### [ACTION ITEM]
Your task is to copy all of the data exactly.

(DATA FOR THE TASK Opens)

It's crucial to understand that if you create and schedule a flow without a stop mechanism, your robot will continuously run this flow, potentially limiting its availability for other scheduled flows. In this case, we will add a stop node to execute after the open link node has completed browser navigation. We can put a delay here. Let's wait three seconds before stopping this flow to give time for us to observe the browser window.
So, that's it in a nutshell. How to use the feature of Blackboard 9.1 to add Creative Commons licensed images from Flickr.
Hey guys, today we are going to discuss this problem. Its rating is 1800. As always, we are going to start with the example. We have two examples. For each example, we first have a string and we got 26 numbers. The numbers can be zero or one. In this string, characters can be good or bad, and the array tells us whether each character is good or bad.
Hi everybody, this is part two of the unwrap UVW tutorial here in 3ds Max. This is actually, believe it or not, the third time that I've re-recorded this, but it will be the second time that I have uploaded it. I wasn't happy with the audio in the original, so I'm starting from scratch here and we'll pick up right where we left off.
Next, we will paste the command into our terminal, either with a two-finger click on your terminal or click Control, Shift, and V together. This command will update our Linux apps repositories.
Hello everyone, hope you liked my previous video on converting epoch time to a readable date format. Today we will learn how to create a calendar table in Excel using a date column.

(DATA FOR THE TASK Closes)

### [SOLUTION TO THE EXERCISE]
It's crucial to understand that if you create and schedule a flow without a stop mechanism, your robot will continuously run this flow, potentially limiting its availability for other scheduled flows. In this case, we will add a stop node to execute after the open link node has completed browser navigation. We can put a delay here. Let's wait three seconds before stopping this flow to give time for us to observe the browser window.
So, that's it in a nutshell. How to use the feature of Blackboard 9.1 to add Creative Commons licensed images from Flickr.
Hey guys, today we are going to discuss this problem. Its rating is 1800. As always, we are going to start with the example. We have two examples. For each example, we first have a string and we got 26 numbers. The numbers can be zero or one. In this string, characters can be good or bad, and the array tells us whether each character is good or bad.
Hi everybody, this is part two of the unwrap UVW tutorial here in 3ds Max. This is actually, believe it or not, the third time that I've re-recorded this, but it will be the second time that I have uploaded it. I wasn't happy with the audio in the original, so I'm starting from scratch here and we'll pick up right where we left off.
Next, we will paste the command into our terminal, either with a two-finger click on your terminal or click Control, Shift, and V together. This command will update our Linux apps repositories.
Hello everyone, hope you liked my previous video on converting epoch time to a readable date format. Today we will learn how to create a calendar table in Excel using a date column.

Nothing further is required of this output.